Mehr Geld für den Klimaschutz? Reiner Holznagel vom Steuerzahlbund ruft die Regierung auf, erst einmal überflüssige und klimaschädliche Ausgaben zu streichen, bevor sie sich Neues ausdenkt.

Politik/Baden-Württemberg: Rainer Pörtner (pö)

Stuttgart - Die Bundesregierung hat ihr Programm zum Klimaschutz vorgelegt. Geplant sind unter anderem die Einführung eines CO2-Preises und finanzielle Anreize für umweltfreundliches Verhalten. Reiner Holznagel, Präsident des Bundes der Steuerzahler, fordert im Interview mit unserer Zeitung eine höhere Pendlerpauschale und warnt vor der Illusion, durch Steuerpolitik menschliches Verhalten in großem Stil ändern zu können.

 

Herr Holznagel, die große Koalition hat ihr Klimapaket verabschiedet. Es soll fünfzig Milliarden Euro bis zum Jahr 2030 kosten und ohne neue Schulden finanziert werden. Halten Sie diese Kalkulation für seriös?

Der Staat formuliert politische Ziele, die er zu erreichen wünscht.
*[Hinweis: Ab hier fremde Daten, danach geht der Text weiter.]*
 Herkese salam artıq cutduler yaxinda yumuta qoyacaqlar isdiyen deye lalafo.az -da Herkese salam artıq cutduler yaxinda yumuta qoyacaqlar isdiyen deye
Aber ob die vorgeschlagenen Maßnahmen ausreichen, die Vorgaben des Pariser Klimaabkommens zu schaffen, ist höchst zweifelhaft. Ich halte es für sehr wahrscheinlich, dass später nachgelegt werden muss und die ganze Sache noch wesentlich teurer wird.

Union und SPD haben sich gegen eine CO2-Steuer und für einen Zertifikatehandel entschieden, um den Kohlendioxid-Ausstoß zu begrenzen. Das müsste sie als Gegner jeder Steuererhöhung doch freuen, oder?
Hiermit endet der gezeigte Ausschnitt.